Excel Tricks | MacLochlainns Weblog

Archive for the ‘Excel Tricks’ tag

LIKE operator in Excel

While discussing the limitations of wild card comparisons in the Microsoft Excel’s IF function, I resolved to share my ISLIKE function. It acts like the LIKE operator in SQL. You can’t use the word like as the function name because it’s a reserved word in Visual Basic for Applications (VBA).

The function lets you compare any string to see if it is contained in another string. The default mode is case-insensitive, and the override mode case-sensitive. The optional third element lets you override the default comparison method.

You should remember or note that a number 0 is always evaluated as false, and any other number (negative or positive) is always true. You can put the ISLIKE function in a macro sheet or an Add-in library. I recently posted instructions on how to create your own Add-in library.

Here is the VBA code for the user defined ISLIKE function:

Function ISLIKE( inValue As Variant _
               , hasValue As Variant _
               , Optional caseSensitive As Integer = 0)
 
  ' Define a logical return variable and assign a default value.
  Dim logicReturn As Boolean
  logicReturn = False
 
  If caseSensitive Then
 
    ' Finds a case-insensitive value as a component in a larger value.
    If inValue Like "*" + hasValue + "*" Then
      logicReturn = True
    End If
 
  Else
 
    ' Finds a case-sensitive value as a component in a larger value.
    If UCase(inValue) Like "*" + UCase(hasValue) + "*" Then
      logicReturn = True
    End If
 
  End If
  ' Return the logical value.
  ISLIKE = logicReturn
 
End Function

Line numbers 12 and 19 use the "*", which is equivalent to the regular expression of "\.*". I’ve no idea why they made this choice, and it’s not well explained on Microsoft’s web site covering SmartTags.

You can shorten the program and make it slightly less efficient by performing the case sensitive match twice. The following doesn’t rely on nested block IF statements. You also must change the third parameter to a Boolean or the Not operator won’t work correctly.

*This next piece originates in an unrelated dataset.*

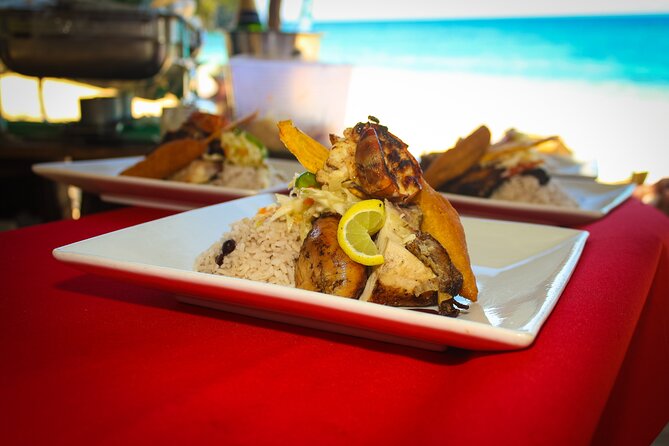 Montego Bay: Bamboo Beach Club with Lunch and Cocktails - Reggae music and light entertainment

Function ISLIKE( lookupValue As Variant _
               , containsValue As Variant _
               , Optional caseSensitive As Boolean = 0)
 
  ' Define a logical return variable and assign a default value.
  Dim logicReturn As Boolean
  logicReturn = False
 
  ' Finds a case-insensitive value as a component in a larger value.
  If caseSensitive And _
     lookupValue Like "*" + containsValue + "*" Then
      logicReturn = True
 
  ' Finds a case-sensitive value as a component in a larger value.
  ElseIf Not caseSensitive And _
    UCase(lookupValue) Like "*" + UCase(containsValue) + "*" Then
      logicReturn = True
 
  End If
 
  ' Return the logical value.
  ISLIKE = logicReturn
 
End Function

Somebody asked me, “How this can be useful?” That meant from their perspective, how is it useful beyond a comparison of cell values. A quick example of that additional utility can be demonstrated from an early post. In that post on replacing a VLOOKUP function with a UDF, there’s compound logic used to find the occurrence of a substring in a string. The ISLIKE function can simplify that logic.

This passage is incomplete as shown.